Now, a team of industry heavyweights, including Google, Intel, Baidu, and Nvidia has stepped up to meet the need with an early version (currently v0.5) of MLPerf, a benchmarking suite for machine learning that includes training a variety of networks. Nvidia announced that it has topped the initial results, but digging into the details shows it was pretty much the only game in town. If nothing else, it shows how dominant the GPU maker has been in the AI market.
MLPerf v0.5: Covering the Inferencing Waterfront
MLPerf currently consists of tests that time network training in seven application areas, starting with the classic standby of training ResNet-50 on ImageNet. It adds lightweight and heavyweight Object Detection (COCO), Recurrent and non-Recurrent Translation (WMT E-G), Recommendation (MovieLens-20M), and Reinforcement Learning (Mini Go). The only platform with results for all seven is the reference submission run on a Pascal P100. Inferencing benchmarks are planned for future versions.
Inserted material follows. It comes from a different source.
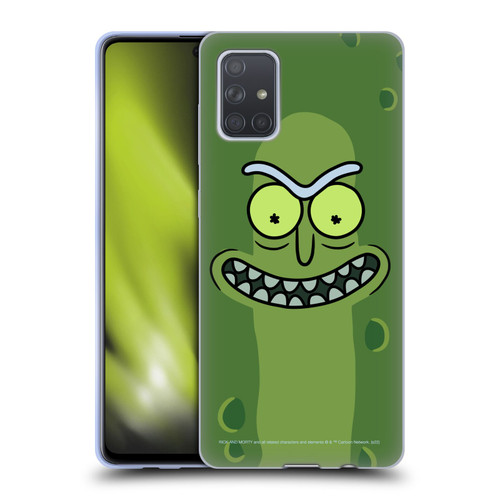 Rick And Morty Season 3 Graphics Pickle Rick Soft Gel Case for Samsung Galaxy A71 (2019)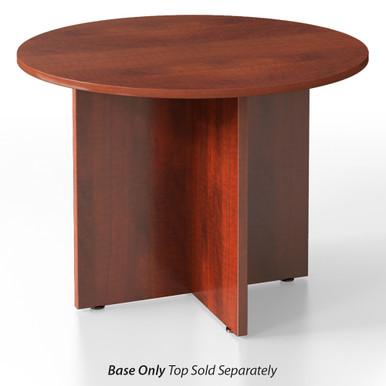OfficeSource Conference/Multi-Purpose Tables X Base For 36'' and 42'' Round Top - Mahogany – view 12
Most of Nvidia’s results were run on one or more DGX-1 or DGX-2 supercomputers, and Google’s were run on its v2 and v3 TPU processors. Intel submitted some ImageNet times for its SKX 8180, but none of them were very competitive. However, systems using its $ 10K, 28-core, SKX 8180 was the sole competitive submission in the reinforcement learning category. That category is likely to be short-lived once there’s a non-CPU-bound version of that benchmark available.
With enough high-end GPUs neural network training is a lot less painful. These results are anywhere from 2x to 10x faster than the fastest single-node results.
One big issue with the results so far is that they don’t reveal anything about price or power. For example, while Google’s TPU results don’t quite match the fastest runs on Nvidia best and most expensive GPUs, it is quite possible they offer a great value. You can see the current results, meager as they are, online. Hopefully, there will be a lot more data points soon.
What This Really Shows Is That Nvidia Hardware Dominates AI
As a practical matter, most AI training is done on Nvidia hardware. Not just because of the price-performance of its GPUs, but also because of the prevalence of CUDA-based tools. So while Google submitted some benchmarks for its TPUs, its chips were originally built as an inferencing tool, and only in the latest generation have started to be used for training tasks. Similarly, so far AMD is nowhere to be found in the benchmark results, although AMD is one of the listed supporters of the MLPerf effort, so that will presumably change. In the meantime, Nvidia is pretty much competing with itself.